----- Supplied records -----

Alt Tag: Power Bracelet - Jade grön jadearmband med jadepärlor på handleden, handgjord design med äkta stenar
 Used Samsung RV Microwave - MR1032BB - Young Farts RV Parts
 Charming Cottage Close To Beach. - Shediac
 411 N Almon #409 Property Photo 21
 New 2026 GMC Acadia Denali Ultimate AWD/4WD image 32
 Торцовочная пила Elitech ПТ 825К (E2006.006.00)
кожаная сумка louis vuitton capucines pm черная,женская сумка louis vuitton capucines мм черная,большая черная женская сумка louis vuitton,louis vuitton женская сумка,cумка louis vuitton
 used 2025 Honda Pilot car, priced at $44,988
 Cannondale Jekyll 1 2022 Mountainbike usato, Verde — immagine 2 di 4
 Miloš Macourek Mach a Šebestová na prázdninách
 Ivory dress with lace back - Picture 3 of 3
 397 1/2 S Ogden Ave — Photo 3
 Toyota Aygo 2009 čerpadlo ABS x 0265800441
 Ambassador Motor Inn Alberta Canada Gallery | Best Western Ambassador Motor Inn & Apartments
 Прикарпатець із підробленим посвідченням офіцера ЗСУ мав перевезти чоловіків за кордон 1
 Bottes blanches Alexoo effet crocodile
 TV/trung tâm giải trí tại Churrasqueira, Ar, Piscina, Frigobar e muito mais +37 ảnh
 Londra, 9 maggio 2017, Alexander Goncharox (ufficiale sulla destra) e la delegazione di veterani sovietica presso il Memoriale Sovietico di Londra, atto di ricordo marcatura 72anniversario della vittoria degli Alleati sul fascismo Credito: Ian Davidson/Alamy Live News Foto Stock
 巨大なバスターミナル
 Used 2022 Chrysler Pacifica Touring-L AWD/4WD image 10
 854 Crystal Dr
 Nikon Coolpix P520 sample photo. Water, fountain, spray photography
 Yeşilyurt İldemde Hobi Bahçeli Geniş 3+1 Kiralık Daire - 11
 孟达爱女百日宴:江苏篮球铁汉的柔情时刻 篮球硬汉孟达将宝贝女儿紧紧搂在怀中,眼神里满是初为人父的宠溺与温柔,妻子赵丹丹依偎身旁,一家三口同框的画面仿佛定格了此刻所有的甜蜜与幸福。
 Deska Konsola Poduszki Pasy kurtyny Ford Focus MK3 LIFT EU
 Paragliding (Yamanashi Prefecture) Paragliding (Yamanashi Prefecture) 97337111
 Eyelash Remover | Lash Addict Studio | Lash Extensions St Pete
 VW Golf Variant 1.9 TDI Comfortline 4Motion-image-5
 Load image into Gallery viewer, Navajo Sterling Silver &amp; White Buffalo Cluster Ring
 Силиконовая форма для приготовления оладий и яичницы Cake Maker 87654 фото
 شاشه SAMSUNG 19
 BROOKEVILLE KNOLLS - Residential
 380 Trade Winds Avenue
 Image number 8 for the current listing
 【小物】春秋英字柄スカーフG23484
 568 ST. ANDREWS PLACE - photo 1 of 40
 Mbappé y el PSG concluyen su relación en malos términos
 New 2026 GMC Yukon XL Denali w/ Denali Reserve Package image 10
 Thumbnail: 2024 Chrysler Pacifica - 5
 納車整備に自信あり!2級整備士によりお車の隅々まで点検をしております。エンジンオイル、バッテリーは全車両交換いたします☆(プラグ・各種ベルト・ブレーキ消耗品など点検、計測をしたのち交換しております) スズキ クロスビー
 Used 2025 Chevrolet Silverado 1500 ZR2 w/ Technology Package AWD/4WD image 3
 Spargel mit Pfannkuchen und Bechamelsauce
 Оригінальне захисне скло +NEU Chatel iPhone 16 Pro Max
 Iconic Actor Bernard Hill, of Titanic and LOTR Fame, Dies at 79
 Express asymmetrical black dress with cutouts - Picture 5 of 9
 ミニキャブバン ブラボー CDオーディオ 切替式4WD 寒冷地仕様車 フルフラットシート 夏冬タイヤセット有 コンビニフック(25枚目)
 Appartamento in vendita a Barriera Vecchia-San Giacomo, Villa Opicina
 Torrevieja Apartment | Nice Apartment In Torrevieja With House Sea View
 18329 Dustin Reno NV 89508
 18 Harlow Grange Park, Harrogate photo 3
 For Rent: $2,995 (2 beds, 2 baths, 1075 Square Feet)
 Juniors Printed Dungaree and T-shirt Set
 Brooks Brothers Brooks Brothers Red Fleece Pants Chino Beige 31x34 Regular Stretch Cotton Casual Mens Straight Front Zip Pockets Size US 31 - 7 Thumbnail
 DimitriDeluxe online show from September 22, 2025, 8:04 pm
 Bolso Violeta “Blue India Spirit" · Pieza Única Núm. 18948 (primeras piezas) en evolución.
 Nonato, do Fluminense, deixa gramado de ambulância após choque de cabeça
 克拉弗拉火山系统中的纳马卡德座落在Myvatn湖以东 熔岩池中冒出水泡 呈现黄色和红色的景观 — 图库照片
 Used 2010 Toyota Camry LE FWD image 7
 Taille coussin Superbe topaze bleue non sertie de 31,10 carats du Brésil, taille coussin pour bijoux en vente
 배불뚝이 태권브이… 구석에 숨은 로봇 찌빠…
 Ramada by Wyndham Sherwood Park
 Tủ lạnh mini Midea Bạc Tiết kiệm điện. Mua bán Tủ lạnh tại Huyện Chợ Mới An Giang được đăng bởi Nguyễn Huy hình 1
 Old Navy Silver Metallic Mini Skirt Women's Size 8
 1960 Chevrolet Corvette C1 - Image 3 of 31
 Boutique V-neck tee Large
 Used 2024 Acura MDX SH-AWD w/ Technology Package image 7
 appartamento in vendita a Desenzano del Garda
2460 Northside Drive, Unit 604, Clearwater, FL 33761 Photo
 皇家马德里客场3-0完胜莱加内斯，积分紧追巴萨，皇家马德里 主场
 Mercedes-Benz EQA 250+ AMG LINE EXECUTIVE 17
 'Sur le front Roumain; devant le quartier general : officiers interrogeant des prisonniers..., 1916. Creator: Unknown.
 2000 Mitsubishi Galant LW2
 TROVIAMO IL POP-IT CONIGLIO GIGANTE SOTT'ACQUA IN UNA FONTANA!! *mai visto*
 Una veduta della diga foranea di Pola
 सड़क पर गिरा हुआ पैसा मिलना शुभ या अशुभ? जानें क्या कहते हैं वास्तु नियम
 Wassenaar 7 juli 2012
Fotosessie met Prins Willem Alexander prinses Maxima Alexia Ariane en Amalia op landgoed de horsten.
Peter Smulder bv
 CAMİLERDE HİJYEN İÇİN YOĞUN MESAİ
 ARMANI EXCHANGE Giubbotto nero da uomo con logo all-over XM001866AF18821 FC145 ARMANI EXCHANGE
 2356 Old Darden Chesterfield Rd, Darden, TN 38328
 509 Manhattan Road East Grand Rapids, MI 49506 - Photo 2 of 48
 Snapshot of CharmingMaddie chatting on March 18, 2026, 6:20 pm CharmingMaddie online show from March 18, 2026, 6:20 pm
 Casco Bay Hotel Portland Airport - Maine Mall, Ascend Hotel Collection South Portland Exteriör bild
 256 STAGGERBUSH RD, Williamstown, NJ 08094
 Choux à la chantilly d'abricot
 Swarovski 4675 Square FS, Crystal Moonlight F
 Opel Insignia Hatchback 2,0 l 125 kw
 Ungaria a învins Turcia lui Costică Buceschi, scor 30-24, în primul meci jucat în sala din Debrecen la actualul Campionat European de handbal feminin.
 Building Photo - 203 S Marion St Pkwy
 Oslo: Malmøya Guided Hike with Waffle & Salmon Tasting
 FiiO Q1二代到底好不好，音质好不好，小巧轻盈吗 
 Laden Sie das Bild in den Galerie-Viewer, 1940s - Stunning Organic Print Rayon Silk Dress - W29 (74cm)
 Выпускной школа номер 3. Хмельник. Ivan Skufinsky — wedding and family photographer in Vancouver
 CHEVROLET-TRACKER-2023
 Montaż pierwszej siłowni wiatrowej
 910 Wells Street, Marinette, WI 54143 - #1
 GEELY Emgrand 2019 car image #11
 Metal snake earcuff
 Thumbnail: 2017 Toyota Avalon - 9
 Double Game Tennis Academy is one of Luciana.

-----

◆ What the exercise asks:
Count how many lines of the entries contain the word "online", and respond with that count only.

◆ Answer for the task:
2